- _Work to be completed_:
Taking the data below line by line, count those that include the word "Surf" and report the number alone.

(Dataset items)
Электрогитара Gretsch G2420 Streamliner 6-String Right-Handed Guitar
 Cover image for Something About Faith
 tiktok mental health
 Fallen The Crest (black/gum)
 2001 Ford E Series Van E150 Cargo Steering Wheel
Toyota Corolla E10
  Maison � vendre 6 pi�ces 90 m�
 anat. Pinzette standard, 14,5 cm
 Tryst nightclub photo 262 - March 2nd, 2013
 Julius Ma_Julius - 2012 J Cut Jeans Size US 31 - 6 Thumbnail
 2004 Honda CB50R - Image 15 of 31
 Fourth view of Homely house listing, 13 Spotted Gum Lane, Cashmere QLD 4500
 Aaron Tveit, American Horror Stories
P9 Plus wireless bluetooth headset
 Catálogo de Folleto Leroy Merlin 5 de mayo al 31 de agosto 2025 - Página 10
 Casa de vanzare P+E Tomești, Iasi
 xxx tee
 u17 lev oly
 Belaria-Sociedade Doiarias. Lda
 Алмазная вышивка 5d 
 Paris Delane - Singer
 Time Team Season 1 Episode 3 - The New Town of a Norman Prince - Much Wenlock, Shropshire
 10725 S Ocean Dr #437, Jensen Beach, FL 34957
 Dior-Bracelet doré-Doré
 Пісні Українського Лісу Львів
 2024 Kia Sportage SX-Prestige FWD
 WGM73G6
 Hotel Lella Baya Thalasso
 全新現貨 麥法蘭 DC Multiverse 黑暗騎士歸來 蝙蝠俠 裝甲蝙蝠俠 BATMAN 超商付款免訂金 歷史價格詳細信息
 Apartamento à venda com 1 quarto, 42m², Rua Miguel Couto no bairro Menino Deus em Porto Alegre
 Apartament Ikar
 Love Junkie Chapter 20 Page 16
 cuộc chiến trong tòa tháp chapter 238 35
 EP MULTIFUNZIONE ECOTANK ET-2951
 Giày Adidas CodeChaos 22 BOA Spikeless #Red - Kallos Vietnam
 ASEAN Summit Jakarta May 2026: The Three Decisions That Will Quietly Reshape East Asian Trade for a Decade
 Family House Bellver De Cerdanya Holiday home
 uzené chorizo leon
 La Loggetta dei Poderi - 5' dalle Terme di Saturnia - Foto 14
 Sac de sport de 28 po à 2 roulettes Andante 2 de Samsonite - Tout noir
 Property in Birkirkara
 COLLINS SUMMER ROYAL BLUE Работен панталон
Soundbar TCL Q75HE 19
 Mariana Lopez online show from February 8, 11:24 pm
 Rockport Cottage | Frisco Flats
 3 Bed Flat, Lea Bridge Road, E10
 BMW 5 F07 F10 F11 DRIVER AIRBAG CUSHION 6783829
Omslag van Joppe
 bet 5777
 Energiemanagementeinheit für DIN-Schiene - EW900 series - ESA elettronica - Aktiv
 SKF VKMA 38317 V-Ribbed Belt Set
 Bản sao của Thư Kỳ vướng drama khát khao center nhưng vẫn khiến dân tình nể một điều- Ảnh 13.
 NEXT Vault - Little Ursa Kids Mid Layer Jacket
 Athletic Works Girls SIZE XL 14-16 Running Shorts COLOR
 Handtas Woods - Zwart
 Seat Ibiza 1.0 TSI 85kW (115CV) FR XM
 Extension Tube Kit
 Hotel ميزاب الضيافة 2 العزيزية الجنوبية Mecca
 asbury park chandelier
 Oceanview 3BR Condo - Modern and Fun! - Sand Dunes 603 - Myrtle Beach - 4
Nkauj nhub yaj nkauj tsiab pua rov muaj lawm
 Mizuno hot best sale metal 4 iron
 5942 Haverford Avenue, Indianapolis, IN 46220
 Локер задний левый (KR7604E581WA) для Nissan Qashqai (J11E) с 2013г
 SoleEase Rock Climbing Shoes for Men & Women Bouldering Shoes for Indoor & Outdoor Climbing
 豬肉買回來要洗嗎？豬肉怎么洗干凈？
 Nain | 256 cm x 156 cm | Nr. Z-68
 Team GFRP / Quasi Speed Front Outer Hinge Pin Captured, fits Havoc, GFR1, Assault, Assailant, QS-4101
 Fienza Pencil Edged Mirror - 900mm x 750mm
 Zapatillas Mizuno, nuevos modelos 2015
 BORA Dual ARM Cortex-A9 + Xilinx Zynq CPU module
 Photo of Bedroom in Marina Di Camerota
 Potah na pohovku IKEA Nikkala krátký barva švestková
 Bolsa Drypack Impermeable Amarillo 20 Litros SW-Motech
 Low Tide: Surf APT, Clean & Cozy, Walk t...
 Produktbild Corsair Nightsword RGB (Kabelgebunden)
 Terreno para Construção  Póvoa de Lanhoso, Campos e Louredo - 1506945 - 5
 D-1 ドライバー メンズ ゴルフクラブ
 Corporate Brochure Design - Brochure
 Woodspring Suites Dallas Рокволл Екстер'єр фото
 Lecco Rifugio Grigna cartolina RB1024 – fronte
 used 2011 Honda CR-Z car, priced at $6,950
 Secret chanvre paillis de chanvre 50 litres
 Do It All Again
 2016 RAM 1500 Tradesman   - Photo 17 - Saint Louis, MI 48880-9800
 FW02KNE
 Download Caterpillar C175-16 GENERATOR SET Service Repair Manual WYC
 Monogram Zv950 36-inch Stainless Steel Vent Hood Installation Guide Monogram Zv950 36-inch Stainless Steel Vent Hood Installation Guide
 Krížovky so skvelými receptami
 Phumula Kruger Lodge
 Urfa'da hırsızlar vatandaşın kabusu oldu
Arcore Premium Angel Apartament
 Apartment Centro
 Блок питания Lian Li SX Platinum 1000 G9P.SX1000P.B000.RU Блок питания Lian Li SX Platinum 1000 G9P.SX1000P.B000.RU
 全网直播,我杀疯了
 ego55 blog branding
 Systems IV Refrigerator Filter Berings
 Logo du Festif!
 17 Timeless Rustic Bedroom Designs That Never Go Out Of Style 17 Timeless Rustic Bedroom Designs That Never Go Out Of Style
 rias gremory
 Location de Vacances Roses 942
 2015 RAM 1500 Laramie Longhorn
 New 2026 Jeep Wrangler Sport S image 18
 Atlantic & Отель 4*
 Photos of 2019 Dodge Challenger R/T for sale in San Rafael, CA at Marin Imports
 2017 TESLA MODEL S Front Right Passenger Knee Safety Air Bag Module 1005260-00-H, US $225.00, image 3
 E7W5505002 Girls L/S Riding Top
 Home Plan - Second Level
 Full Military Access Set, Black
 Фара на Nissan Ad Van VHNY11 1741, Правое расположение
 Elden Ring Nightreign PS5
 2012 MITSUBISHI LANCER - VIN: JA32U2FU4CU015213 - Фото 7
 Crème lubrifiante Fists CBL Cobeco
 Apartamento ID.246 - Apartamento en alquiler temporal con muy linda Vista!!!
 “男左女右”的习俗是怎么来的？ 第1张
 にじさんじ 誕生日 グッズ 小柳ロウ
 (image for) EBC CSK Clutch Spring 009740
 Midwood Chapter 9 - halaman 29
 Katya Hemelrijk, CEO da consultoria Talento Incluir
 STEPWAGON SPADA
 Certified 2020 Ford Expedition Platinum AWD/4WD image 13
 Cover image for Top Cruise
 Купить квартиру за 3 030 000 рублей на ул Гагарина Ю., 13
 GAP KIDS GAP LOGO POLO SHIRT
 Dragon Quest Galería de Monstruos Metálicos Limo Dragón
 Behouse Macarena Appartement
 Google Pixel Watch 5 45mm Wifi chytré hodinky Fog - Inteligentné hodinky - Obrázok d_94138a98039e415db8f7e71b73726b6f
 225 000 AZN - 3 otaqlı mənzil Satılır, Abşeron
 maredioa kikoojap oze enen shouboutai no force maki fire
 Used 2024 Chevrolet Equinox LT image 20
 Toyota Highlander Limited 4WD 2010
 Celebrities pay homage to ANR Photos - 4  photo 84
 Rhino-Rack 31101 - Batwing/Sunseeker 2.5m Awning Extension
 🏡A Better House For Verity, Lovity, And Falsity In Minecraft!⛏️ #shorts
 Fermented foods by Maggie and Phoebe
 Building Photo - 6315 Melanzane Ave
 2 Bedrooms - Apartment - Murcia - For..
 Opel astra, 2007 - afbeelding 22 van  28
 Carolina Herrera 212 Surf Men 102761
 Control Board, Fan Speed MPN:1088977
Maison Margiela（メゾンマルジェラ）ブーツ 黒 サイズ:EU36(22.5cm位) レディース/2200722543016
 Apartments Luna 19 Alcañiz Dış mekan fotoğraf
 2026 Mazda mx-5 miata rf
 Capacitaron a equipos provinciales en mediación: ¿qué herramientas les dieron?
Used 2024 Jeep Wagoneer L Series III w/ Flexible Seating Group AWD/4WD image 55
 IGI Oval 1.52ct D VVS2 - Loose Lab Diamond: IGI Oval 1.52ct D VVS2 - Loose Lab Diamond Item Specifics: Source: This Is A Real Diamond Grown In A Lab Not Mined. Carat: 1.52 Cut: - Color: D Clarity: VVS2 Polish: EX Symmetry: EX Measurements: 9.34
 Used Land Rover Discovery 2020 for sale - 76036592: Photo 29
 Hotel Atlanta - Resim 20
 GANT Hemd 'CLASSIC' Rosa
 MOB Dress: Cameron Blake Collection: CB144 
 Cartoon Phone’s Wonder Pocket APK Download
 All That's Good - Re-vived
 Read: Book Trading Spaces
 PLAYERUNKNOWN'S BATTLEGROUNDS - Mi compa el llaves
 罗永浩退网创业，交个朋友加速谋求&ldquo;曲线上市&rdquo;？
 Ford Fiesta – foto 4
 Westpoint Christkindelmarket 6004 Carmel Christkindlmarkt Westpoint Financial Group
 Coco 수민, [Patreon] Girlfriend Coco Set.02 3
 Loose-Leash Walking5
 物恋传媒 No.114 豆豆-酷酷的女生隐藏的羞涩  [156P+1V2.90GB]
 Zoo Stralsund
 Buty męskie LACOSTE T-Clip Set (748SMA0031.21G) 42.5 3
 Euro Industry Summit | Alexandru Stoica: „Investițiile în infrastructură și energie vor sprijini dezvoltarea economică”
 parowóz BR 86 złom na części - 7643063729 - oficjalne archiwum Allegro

- _Completed task_:
2